A Jim Crow-era law remains in North Carolina’s constitution, and a group of state legislators is calling for its removal.
State Rep. Kelly Alexander Jr. introduced legislation (H.B. 337) Wednesday to repeal the literacy test requirement from North Carolina’s constitution. The bill has bipartisan support from 34 co-sponsors.
While the passage of the 1965 Voting Rights Act outlawed discriminatory voting practices nationwide, including literacy tests, language in Article VI, Section 4 of North Carolina’s constitution still reads: “Every person presenting himself for registration shall be able to read and write any section of the Constitution in the English language.”
In the South, literacy tests were one of the methods used to prevent Black people from registering to vote. Proponents of the bill say that maintaining the literacy-tests language in the state constitution holds on to North Carolina’s Jim Crow past.
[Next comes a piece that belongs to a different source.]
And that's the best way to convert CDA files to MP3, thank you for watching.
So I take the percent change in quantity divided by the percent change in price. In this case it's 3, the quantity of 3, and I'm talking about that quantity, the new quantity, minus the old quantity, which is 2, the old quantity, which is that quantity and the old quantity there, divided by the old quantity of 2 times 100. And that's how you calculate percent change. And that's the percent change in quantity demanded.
Affirmative votes from at least 60% of members from both houses of the General Assembly are required before the question can go before voters on the ballot in 2022, at the earliest. Supporters hope history doesn’t repeat itself.
Henry Frye, North Carolina’s first Black legislator elected after the end of Reconstruction, proposed an amendment in 1969 to abolish the literacy test from the state constitution.
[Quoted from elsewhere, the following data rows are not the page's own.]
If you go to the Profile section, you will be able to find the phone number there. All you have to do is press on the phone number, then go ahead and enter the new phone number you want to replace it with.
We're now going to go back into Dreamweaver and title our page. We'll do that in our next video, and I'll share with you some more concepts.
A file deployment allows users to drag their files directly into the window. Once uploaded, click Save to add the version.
The discriminatory practice had prevented him from registering on his first attempt in Richmond County in 1956, reported the Greensboro News & Record. His literacy test asked him to name the signers of the Declaration of Independence.
Frye succeeded in getting the proposed amendment on the ballot. However, voters rejected it in a statewide referendum in 1970, five years after the Voting Rights Act. Several attempts have been made since then to remove the language from the state’s constitution, but none of those attempts made it out of the General Assembly. Most recently, Alexander sponsored H.B. 314 in the 2019-2020 session; it died in the House Rules Committee.
Terry Brown Jr., a freshman representative in the state House and co-sponsor of the current proposal, said there’s no greater way to honor Frye’s legacy than by carrying the legislation over the finish line. [Frye went on to become North Carolina’s first Black Supreme Court Justice.]
“The culture of North Carolina now is finally ready for the people to pass this vote,” he said. “I think if people were given the chance, they will honor Frye’s legacy.”
The bill passed its first reading on Monday and was sent to the Judiciary 2 House Committee. Brown says that’s significant because it means the bill has a chance to have a hearing.